All Products
Search
Document Center

Dataphin:Create an Impala data source

Last Updated:Feb 12, 2026

By creating an Impala data source, you can enable Dataphin to read business data from Impala or write data to Impala. This topic describes how to create an Impala data source.

Background information

Impala is a SQL query engine for processing large amounts of data stored in Hadoop clusters. If you use Impala and want to export Dataphin data to Impala, you need to create an Impala data source first. For more information about Impala, see Impala official website.

Permission management

Only custom global roles with the Create Data Source permission and users with the Super Administrator, Data Source Administrator, Business Unit Architect, or Project Administrator role can create data sources.

Limits

Dataphin uses Java Database Connectivity (JDBC) for Impala data source integration, which results in lower performance compared to Hive. If the table that you are integrating is not a Kudu table, use a Hive data source and its input and output components instead.

Metadata retrieval using DLF is supported only when connecting to an Impala data source of E-MapReduce 5.x.

Procedure

  1. On the Dataphin homepage, click Management Center > Data Source Management in the top navigation bar.

  2. On the Datasource page, click +Create Data Source.

  3. On the Create Data Source page, under Big Data, select Impala.

    If you have recently used Impala, you can select it from the Recently Used section or enter `Impala` in the search box to find it.

  4. On the Create Impala Data Source page, configure the connection parameters for the data source.

    1. Configure the basic information of the data source.

      Parameter

      Description

      Datasource Name

      The name must meet the following requirements:

      • It can contain only Chinese characters, letters, digits, underscores (_), and hyphens (-).

      • It cannot exceed 64 characters in length.

      Datasource Code

      After you configure the data source code, you can reference tables in Flink_SQL nodes using the datasource_code.table_name or datasource_code.schema.table_name format. To automatically access the data source of the current environment, use the ${datasource_code}.table or ${datasource_code}.schema.table variable format. For more information, see Develop a Dataphin data source table.

      Important
      • The data source code cannot be modified after it is configured.

      • You can preview data on the object details page in the asset directory and asset checklist only after the data source code is configured.

      • In Flink SQL, only MySQL, Hologres, MaxCompute, Oracle, StarRocks, Hive, SelectDB, and GaussDB data warehouse service (DWS) data sources are currently supported.

      Version

      Select the version of the Impala data source. Supported versions include the following:

      • CDH5:2.11.0

      • CDH6:3.2.0

      • CDP7.1.3:3.4.0

      • E-MapReduce 3.x: 3.4.0

      • E-MapReduce 5.x: 3.4.0

      • E-MapReduce 5.x: 4.2.0

      Data Source Description

      A brief description of the data source. It cannot exceed 128 characters.

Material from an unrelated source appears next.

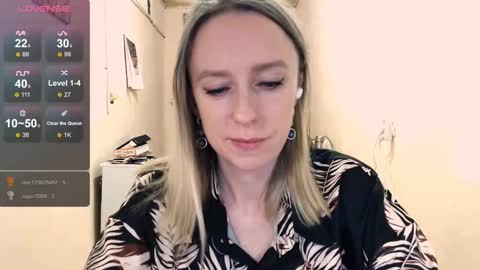 Snapshot of nicekat chatting on 12-14-25, 08:02 Kathrine online show from 12-14-25, 08:02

      Data Source Configuration

      Select the data source to configure:

      • If your business data source distinguishes between production and development data sources, select Production + Development Data Source.

      • If your business data source does not distinguish between production and development data sources, select Production Data Source.

      Tag

      You can categorize and tag data sources using tags. For information about how to create tags, see Manage data source tags.

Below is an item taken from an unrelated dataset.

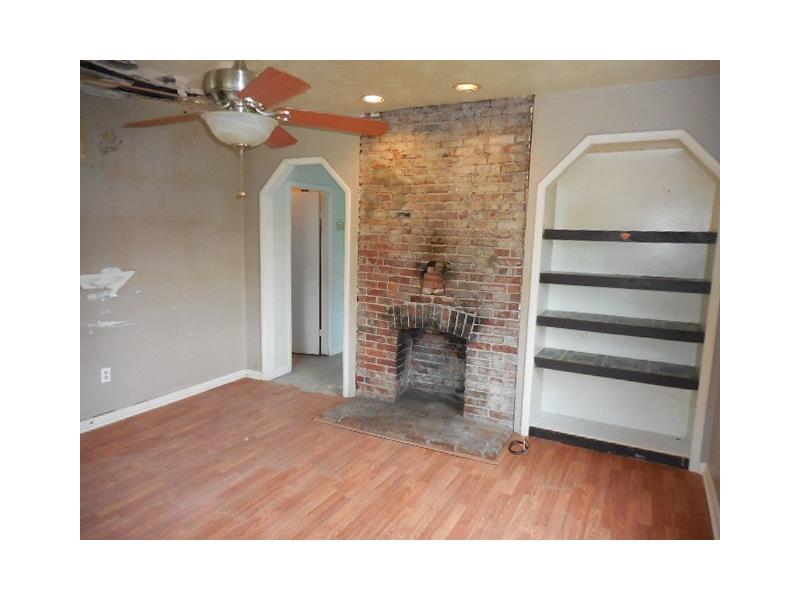 9786 Mcclellan St, Irwin, PA 15642 photo 2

    2. Configure the connection parameters between the data source and Dataphin.

      If you selected Production + Development Data Source for Data Source Configuration, you need to configure the connection information for both Production + Development Data Source. If you selected Production Data Source, you only need to configure the connection information for the Production Data Source.

      Note

      Typically, production and development data sources should be configured as separate data sources to isolate the development environment from the production environment and reduce the impact of the development data source on the production data source. However, Dataphin also supports configuring them as the same data source with identical parameter values.

      Parameter

      Description

      JDBC URL

      The format of the connection address is jdbc:impala//host:port/dbname. For example, jdbc:impala//192.168.*.1:5433/dataphin.

      Kerberos

      Kerberos is an identity authentication protocol based on symmetric key technology:

      • If the Hadoop cluster has Kerberos authentication, you need to enable Kerberos.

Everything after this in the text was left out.